About this exercise
What lines in the data hold the string "Chapter"? Show them.

++++ Supplied entries

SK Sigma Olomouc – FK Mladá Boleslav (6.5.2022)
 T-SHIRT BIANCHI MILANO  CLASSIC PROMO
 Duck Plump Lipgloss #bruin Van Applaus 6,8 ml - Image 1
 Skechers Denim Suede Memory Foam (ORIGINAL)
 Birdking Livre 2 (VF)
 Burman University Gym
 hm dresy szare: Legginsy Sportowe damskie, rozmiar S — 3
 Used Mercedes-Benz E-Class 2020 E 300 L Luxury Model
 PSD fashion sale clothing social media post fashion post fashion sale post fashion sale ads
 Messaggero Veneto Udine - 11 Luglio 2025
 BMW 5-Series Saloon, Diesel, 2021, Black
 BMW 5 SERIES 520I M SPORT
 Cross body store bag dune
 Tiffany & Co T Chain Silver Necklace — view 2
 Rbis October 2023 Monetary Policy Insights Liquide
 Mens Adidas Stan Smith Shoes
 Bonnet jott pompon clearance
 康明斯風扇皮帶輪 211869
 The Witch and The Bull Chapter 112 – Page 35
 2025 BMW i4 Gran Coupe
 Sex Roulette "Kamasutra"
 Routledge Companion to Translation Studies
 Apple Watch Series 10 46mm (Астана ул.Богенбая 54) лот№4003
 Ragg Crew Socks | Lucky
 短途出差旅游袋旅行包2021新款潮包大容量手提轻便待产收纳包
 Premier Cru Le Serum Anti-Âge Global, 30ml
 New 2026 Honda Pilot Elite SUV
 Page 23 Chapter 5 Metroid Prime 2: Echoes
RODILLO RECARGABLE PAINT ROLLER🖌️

++++++++

Response below
 The Witch and The Bull Chapter 112 – Page 35
 Page 23 Chapter 5 Metroid Prime 2: Echoes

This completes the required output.